*Action item*
Pull every line holding the string "Phone" from the records below.

Stored records:
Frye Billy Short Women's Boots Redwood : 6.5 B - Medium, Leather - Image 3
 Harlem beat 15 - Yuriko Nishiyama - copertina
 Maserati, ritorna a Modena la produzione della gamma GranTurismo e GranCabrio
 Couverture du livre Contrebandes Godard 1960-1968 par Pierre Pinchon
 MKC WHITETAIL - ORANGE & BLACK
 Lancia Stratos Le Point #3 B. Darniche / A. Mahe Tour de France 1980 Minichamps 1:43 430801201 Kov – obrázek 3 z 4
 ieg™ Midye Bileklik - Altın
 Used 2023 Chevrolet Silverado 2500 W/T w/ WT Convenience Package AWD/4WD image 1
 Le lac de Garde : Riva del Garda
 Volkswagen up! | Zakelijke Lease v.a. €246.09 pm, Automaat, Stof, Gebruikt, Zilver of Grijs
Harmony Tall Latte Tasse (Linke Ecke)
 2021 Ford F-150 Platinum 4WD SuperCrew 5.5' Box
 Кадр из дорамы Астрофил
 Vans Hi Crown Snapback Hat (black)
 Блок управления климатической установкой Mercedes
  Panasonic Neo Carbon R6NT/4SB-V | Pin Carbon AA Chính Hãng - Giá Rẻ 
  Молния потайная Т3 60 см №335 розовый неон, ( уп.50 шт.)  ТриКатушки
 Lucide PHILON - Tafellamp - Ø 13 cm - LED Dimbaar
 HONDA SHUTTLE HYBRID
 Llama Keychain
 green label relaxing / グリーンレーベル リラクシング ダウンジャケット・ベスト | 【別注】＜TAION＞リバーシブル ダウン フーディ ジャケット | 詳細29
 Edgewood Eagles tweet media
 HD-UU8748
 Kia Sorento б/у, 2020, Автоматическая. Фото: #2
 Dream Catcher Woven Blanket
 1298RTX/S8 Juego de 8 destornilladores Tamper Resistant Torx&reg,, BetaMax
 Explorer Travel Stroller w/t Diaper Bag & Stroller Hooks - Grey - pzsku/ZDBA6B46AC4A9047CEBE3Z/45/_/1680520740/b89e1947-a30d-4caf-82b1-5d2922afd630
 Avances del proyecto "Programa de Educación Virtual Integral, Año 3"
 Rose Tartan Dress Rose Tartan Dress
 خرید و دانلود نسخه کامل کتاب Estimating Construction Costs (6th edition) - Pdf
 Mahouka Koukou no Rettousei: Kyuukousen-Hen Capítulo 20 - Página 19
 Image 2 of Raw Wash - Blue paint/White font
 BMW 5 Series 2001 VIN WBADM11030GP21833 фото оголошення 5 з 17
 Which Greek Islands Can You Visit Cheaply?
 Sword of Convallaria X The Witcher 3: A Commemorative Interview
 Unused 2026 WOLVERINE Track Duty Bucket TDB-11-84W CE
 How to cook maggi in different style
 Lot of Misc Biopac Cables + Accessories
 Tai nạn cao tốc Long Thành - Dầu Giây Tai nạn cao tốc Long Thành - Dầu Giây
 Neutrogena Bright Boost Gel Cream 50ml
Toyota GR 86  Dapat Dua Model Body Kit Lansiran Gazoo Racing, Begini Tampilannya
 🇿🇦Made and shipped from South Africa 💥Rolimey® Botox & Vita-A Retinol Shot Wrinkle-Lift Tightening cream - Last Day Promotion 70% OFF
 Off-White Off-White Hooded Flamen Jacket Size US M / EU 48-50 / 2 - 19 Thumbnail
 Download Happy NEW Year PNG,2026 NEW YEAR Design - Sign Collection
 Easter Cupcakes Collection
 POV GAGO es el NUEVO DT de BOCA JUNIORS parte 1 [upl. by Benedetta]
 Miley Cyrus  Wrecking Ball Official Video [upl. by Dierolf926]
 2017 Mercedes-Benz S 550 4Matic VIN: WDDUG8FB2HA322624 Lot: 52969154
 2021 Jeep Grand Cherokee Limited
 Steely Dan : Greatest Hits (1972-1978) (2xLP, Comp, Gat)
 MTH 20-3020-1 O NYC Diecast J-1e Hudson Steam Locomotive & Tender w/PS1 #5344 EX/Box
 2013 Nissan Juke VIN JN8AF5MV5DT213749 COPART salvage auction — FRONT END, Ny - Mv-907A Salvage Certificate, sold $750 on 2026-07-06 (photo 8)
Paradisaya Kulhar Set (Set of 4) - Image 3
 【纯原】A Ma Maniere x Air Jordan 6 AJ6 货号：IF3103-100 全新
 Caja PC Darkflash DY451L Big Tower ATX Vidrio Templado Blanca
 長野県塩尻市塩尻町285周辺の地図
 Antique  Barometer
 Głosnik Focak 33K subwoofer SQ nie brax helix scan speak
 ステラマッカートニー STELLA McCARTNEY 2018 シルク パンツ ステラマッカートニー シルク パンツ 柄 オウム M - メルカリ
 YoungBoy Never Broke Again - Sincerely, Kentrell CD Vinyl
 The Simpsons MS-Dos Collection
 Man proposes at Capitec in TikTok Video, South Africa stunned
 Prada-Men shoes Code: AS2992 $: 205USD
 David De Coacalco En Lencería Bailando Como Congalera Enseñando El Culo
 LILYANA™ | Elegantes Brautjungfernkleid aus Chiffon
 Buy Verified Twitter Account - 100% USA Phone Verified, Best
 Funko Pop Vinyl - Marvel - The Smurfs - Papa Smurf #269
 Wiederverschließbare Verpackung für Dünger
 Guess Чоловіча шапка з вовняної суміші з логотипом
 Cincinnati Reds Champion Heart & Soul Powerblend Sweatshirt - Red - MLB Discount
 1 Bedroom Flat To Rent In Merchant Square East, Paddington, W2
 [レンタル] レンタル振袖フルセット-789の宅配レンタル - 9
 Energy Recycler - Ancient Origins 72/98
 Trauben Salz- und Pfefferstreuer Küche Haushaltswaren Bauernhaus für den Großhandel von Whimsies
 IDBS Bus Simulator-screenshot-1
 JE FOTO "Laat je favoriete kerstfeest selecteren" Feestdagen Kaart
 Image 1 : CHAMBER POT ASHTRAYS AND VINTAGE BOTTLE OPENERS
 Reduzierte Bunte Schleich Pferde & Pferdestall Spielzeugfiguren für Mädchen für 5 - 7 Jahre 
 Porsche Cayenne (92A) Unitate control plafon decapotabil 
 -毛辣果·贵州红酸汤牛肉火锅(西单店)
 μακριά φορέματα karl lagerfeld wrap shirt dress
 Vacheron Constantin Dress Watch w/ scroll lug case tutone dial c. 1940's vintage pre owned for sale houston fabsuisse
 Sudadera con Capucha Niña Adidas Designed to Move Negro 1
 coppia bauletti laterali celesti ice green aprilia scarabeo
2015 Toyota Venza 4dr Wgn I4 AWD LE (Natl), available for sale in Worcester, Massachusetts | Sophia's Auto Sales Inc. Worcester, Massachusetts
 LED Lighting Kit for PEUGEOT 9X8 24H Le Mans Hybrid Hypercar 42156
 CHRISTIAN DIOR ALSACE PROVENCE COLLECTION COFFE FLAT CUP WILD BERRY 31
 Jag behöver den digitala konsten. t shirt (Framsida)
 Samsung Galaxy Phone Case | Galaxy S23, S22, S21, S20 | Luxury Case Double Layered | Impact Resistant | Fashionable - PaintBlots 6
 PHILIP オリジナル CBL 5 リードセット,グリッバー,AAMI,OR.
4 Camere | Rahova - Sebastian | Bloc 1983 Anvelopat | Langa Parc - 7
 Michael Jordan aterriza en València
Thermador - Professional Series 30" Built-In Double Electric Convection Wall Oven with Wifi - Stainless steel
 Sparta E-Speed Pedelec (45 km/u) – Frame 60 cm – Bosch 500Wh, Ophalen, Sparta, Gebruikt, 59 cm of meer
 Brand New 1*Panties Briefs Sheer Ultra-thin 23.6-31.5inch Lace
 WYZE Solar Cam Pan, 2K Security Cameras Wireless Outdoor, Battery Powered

*Exercise solution*
 Buy Verified Twitter Account - 100% USA Phone Verified, Best
 Samsung Galaxy Phone Case | Galaxy S23, S22, S21, S20 | Luxury Case Double Layered | Impact Resistant | Fashionable - PaintBlots 6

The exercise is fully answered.